Any picture in the material should be left out, while all other lines are copied exactly.

Data shown
* * * * *

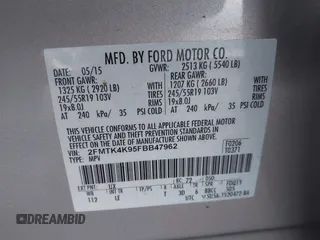 2015 Ford Edge Titanium z VIN 2FMTK4K95FBB47962, wystawiony jako IAAI lot #42234894 z przebiegiem Nie podano mil oraz . Historia ofert i sprzedaży dostępna na DreamBid. Obrazek 9.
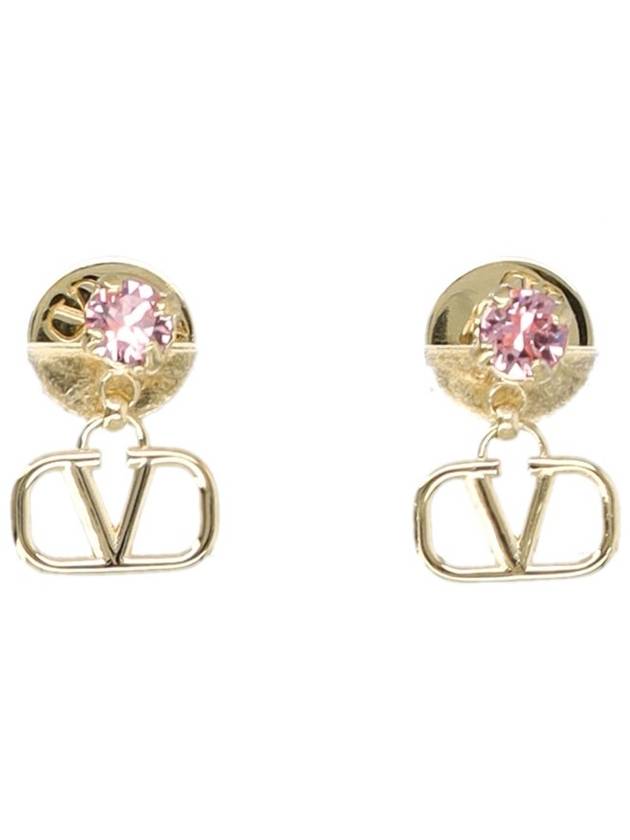 Metal Swarovski Crystal V Logo Earrings Gold Pink - VALENTINO - BALAAN 1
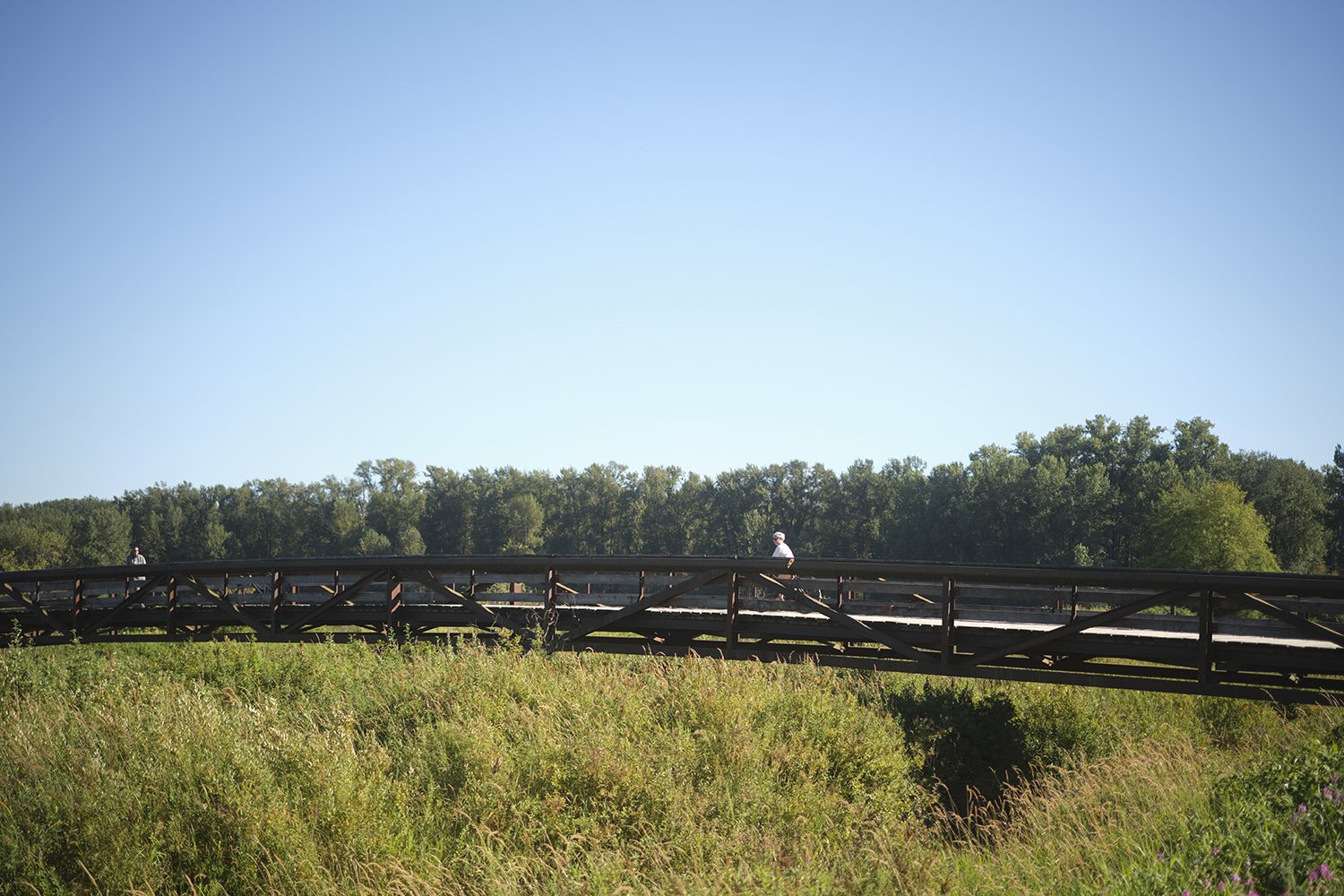 Riding through the meadows and across the bridge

* * * * *

Answer space
 2015 Ford Edge Titanium z VIN 2FMTK4K95FBB47962, wystawiony jako IAAI lot #42234894 z przebiegiem Nie podano mil oraz . Historia ofert i sprzedaży dostępna na DreamBid. Obrazek 9.
 Metal Swarovski Crystal V Logo Earrings Gold Pink - VALENTINO - BALAAN 1
 Riding through the meadows and across the bridge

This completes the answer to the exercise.